Records for the task:
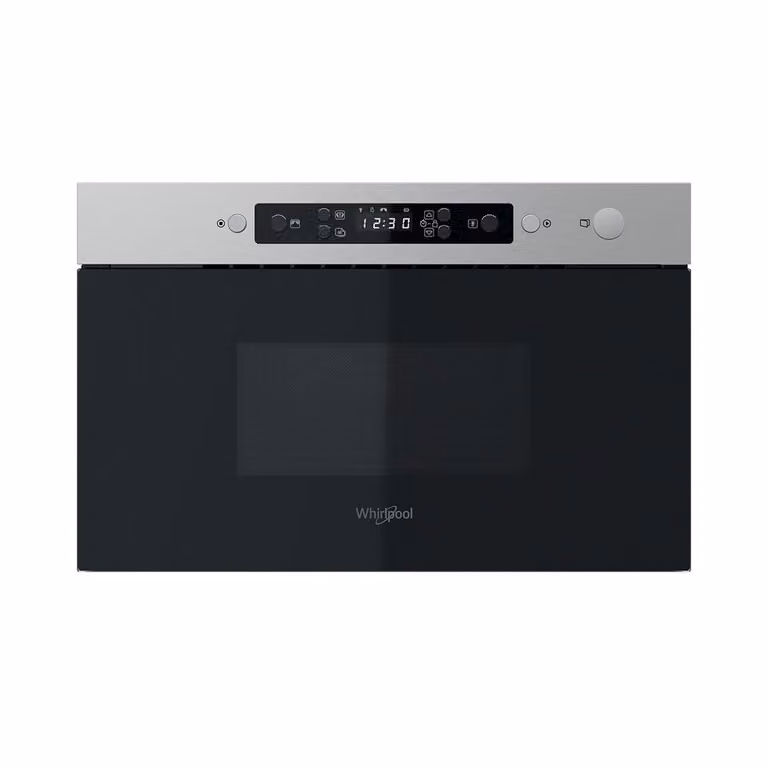 Whirlpool MBNA910X Inbouw solo magnetron Grijs linksdraaiend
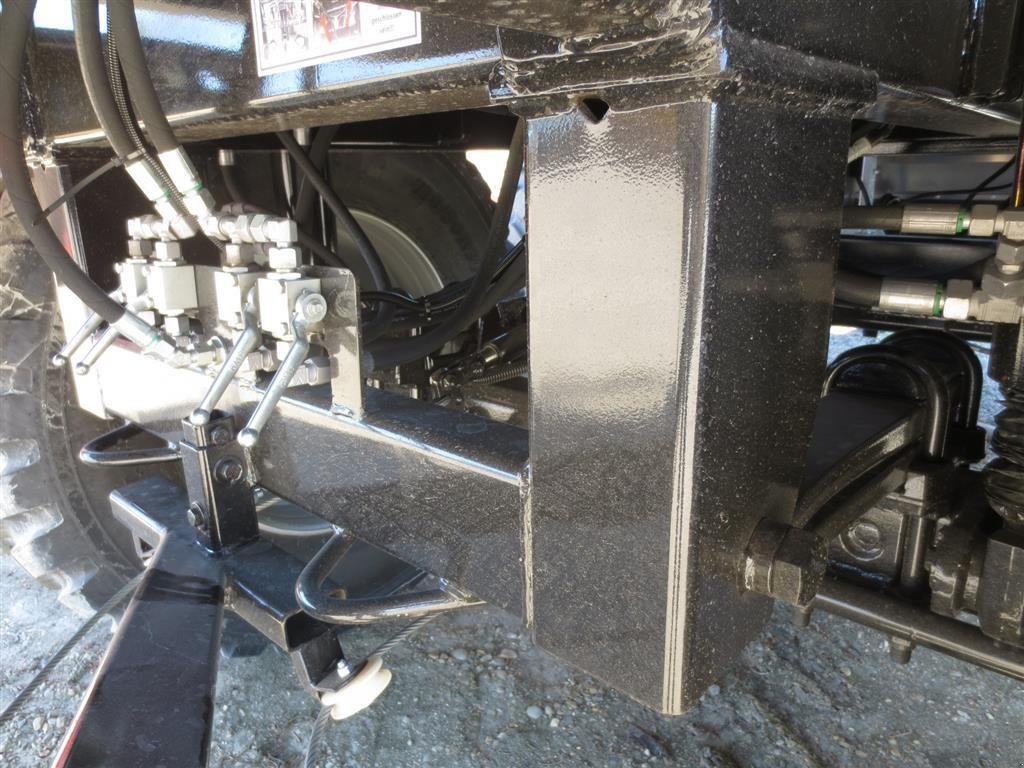 Ladewagen des Typs Demmler TSM-SILIER-PROFI 48M3 OG VÆGT 710-50-30,5 HJUL, Gebrauchtmaschine in Nørre Nebel (Bild 6)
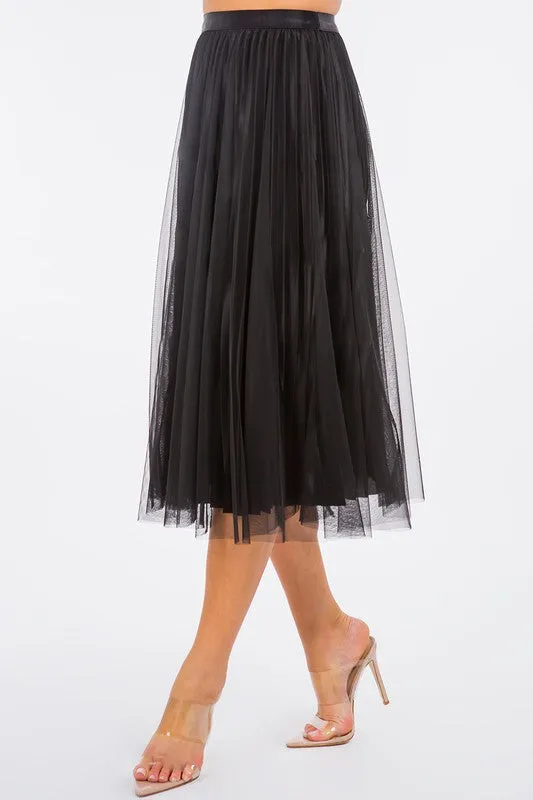 Arora reversible skirt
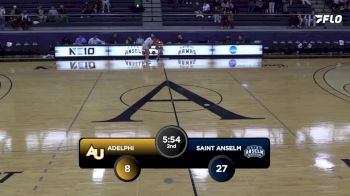 Replay: Adelphi vs St. Anselm | Feb 8 @ 1 PM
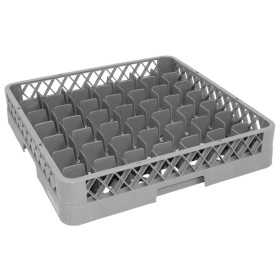 Casier de lavage - Verres + tasses - 25 cases - 500 x 500 x 100 mm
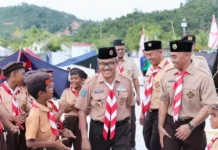 Kak Jefridin Buka Persami Kwarran Galang 2024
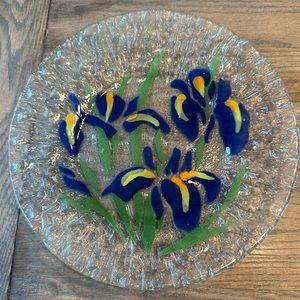 Sydenstricker Glass Dinner Plate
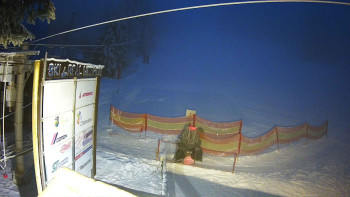 Ski areál Mezihoří Chomutov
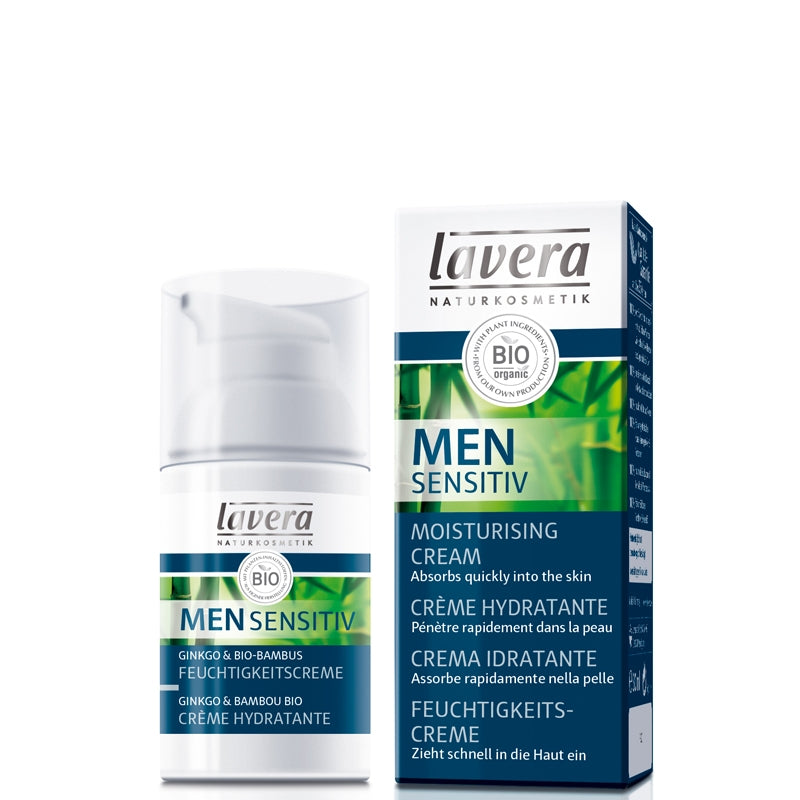 Lavera Men Sensitiv Moisturising Cream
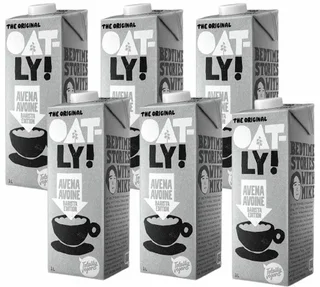 OATLY Zab alapú növényi ital - 6 x 1L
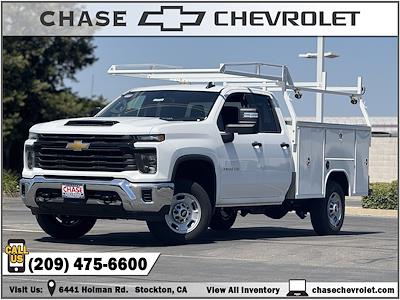 2024 Chevrolet Silverado 2500 Double Cab SRW 2WD Service Truck for sale #24T0786 - photo 1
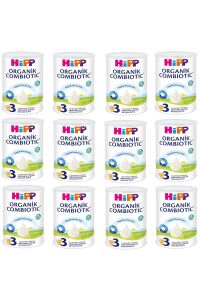 3 Organik Combiotic Devam Sütü 350 gr 12 Adet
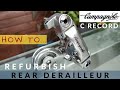 Campagnolo C Record: How to disassemble, grease & assemble a rear derailleur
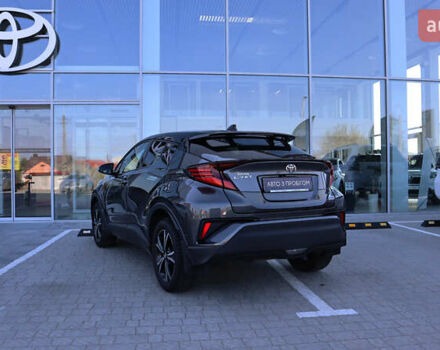 Сірий Тойота C-HR, об'ємом двигуна 1.2 л та пробігом 91 тис. км за 24000 $, фото 1 на Automoto.ua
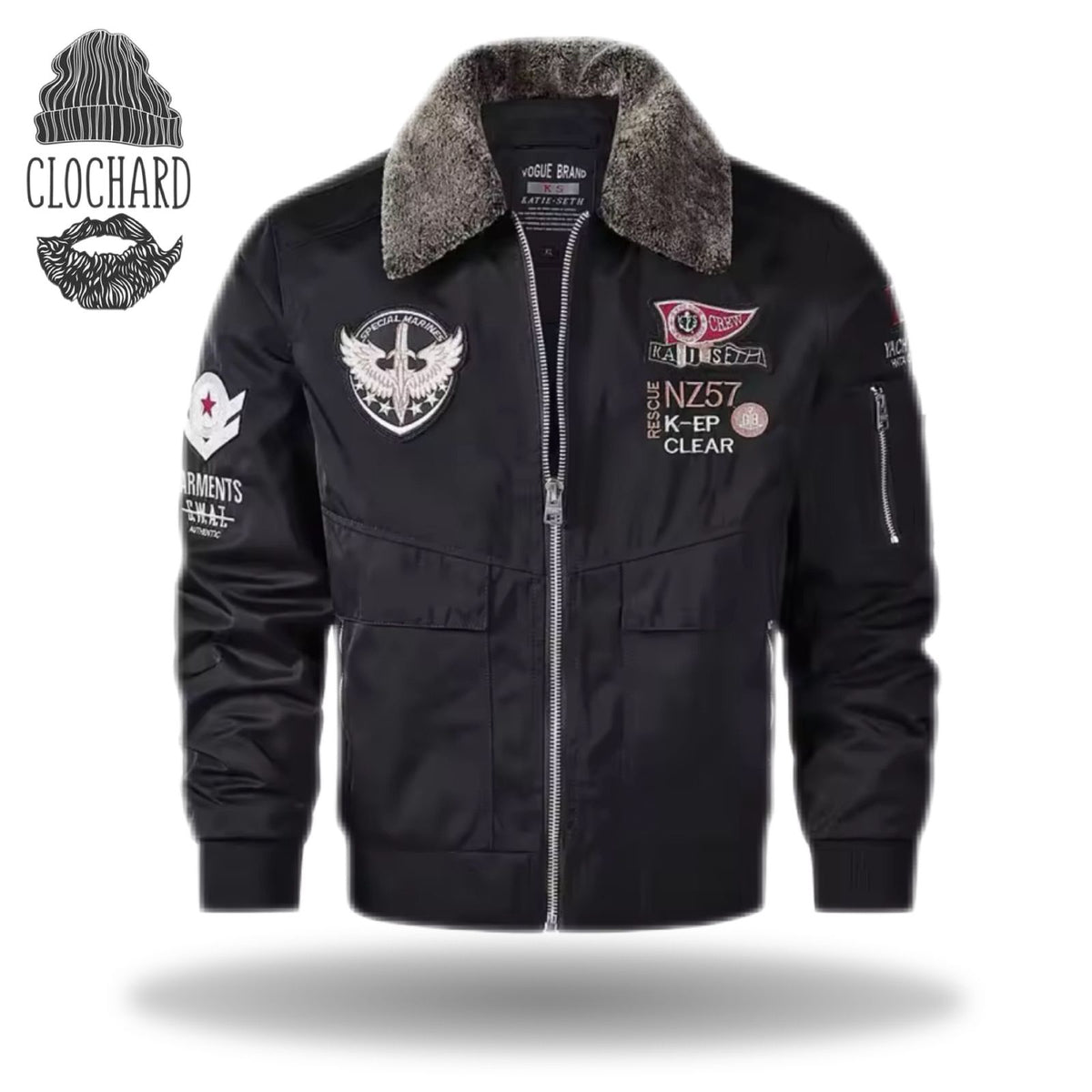 BLOUSON DE LUXE REF 8813
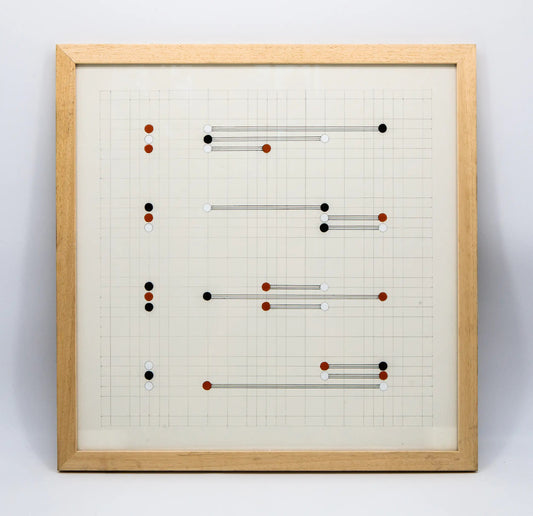 Sivan L. Rubinstein : Random Dots Score 4 -  Tableau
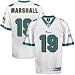 All Products : Reebok Miami Dolphins Brandon Marshall #19 Replica Football Jersey - White
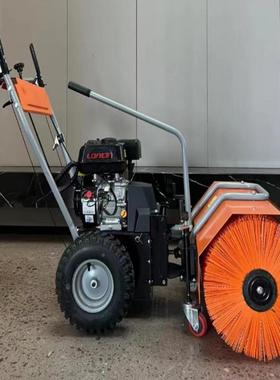 小型手推扫录雪机盗道路积推雪雪扫雪车小学校清GVI雪区抛雪机厂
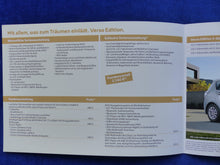 Lade das Bild in den Galerie-Viewer, Toyota Verso Edition MJ 2011 - Prospekt Brochure 05.2010
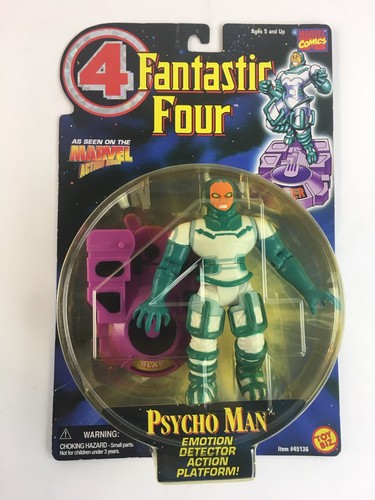 Fantastic four psycho - psycho, man
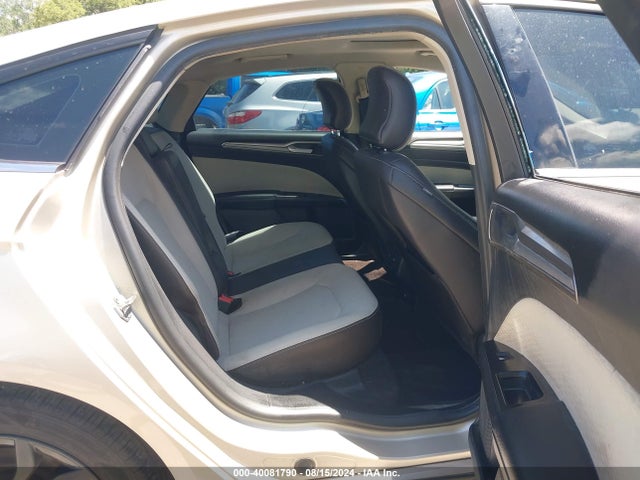 Ford FUSION SE 2019 3FA6P0HD5KR133245 Image 8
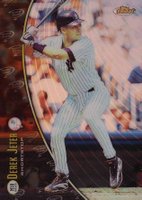 1998 Finest Mystery 2 #M18 Bernie Williams/Derek Jeter Refractor Baseball Card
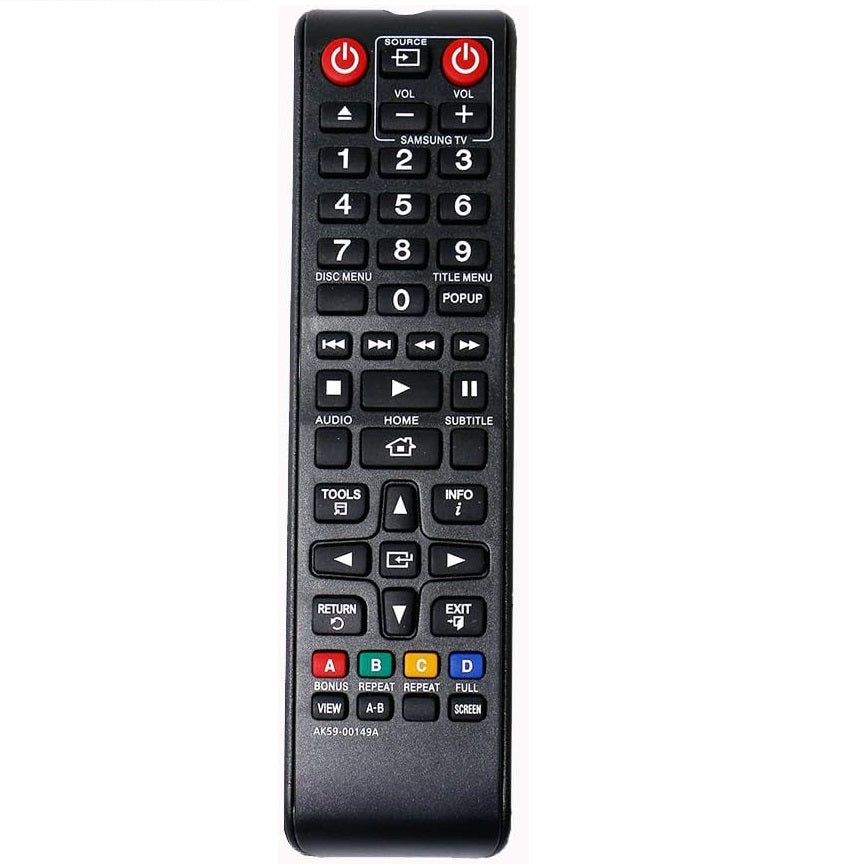 Samsung Blu-Ray Disc Player AK59-00149A Replacement Remote - Remotes this Arvo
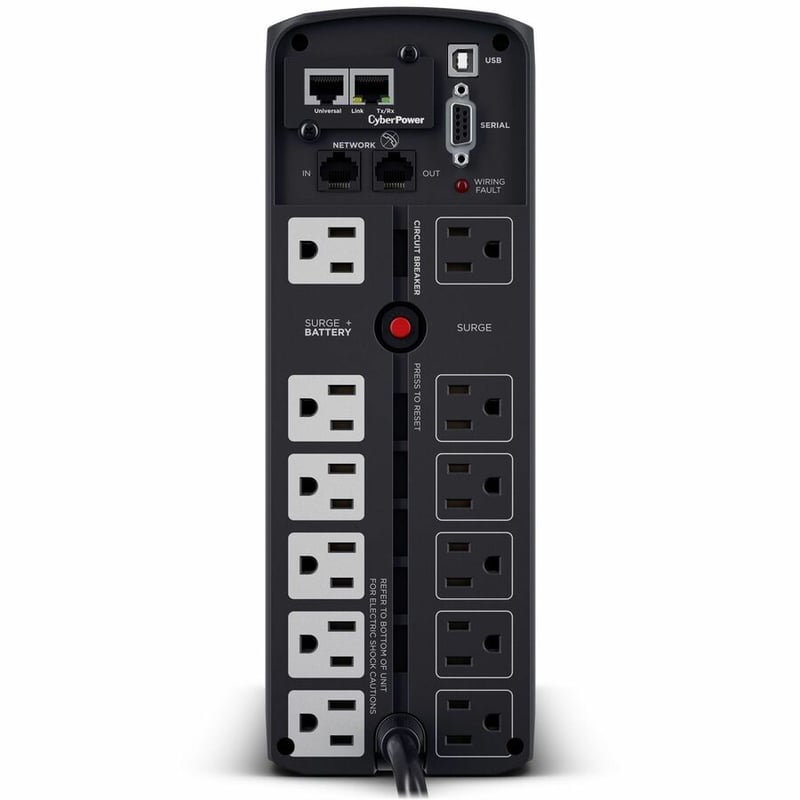 CyberPower CP1500PFCLCD PFC Sinewave UPS Systems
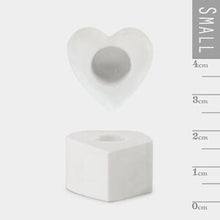 Load image into Gallery viewer, Shaped Candle Holder with Candle
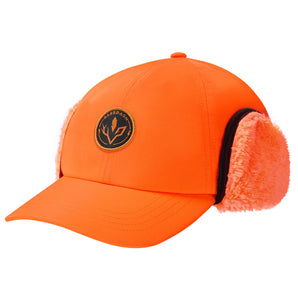 BASSDASH Warm Fleece Lined Hat with Ear Flap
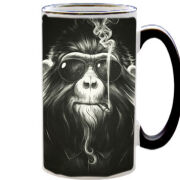 Чашка тест Smokey Monkey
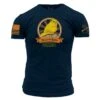Yellow Bird Bread Company T-Shirt - Midnight Navy -Grunt Style Sales GS5261 YellowBirdBreadCompany STANDARD WEB READYfront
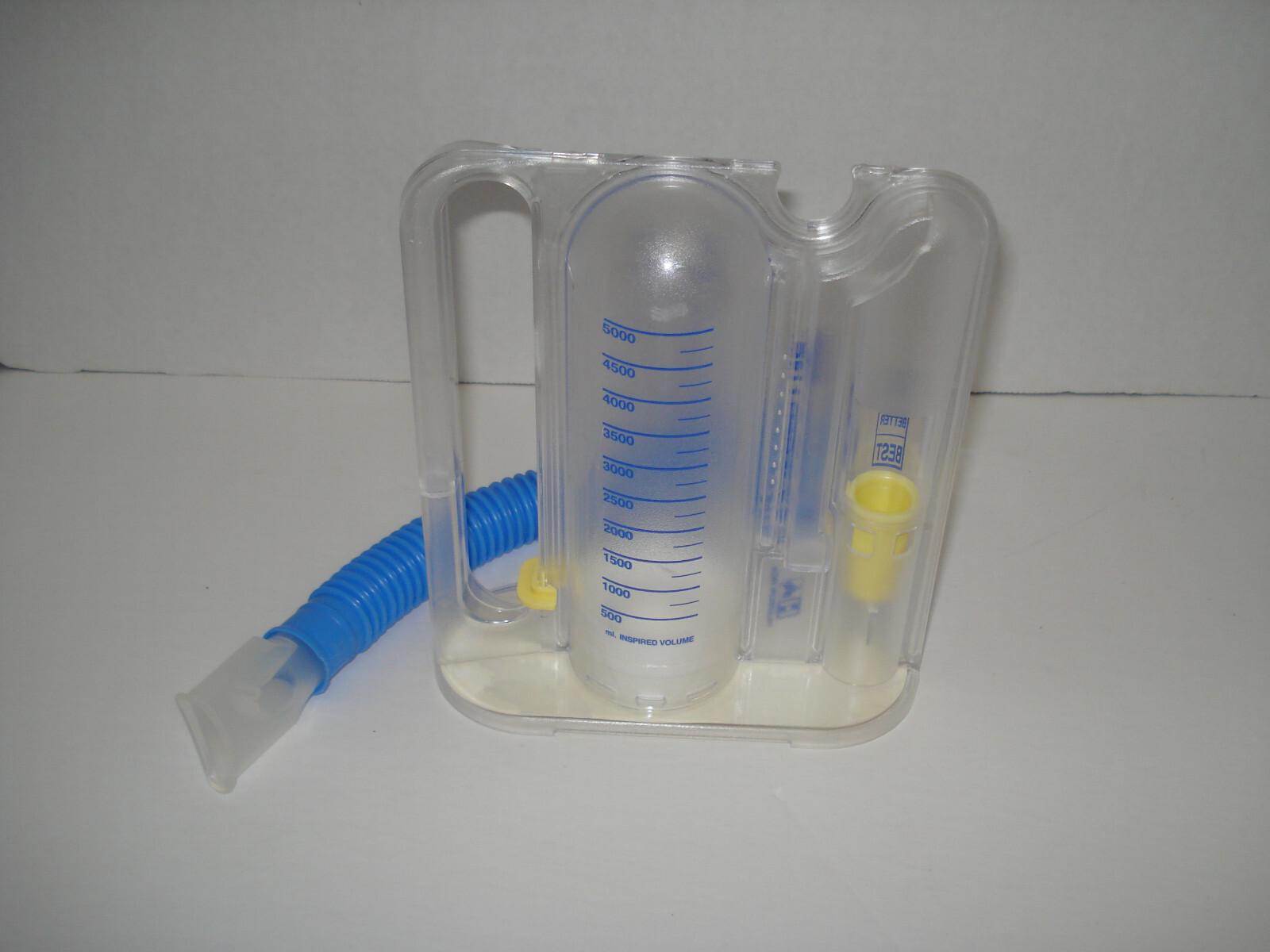 HUDSON RCI VOLDYNE 5000 INCENTIVE SPIROMETER ADULT VOLUMETRIC EXERCISER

Your objective: In the entries above, find the line containing "Arora reversible skirt" and the line containing "Ski areál Mezihoří Chomutov", then copy both and every line between them exactly, without any picture.

The answer:
 Arora reversible skirt
 Replay: Adelphi vs St. Anselm | Feb 8 @ 1 PM
 Casier de lavage - Verres + tasses - 25 cases - 500 x 500 x 100 mm
 Kak Jefridin Buka Persami Kwarran Galang 2024
 Sydenstricker Glass Dinner Plate
 Ski areál Mezihoří Chomutov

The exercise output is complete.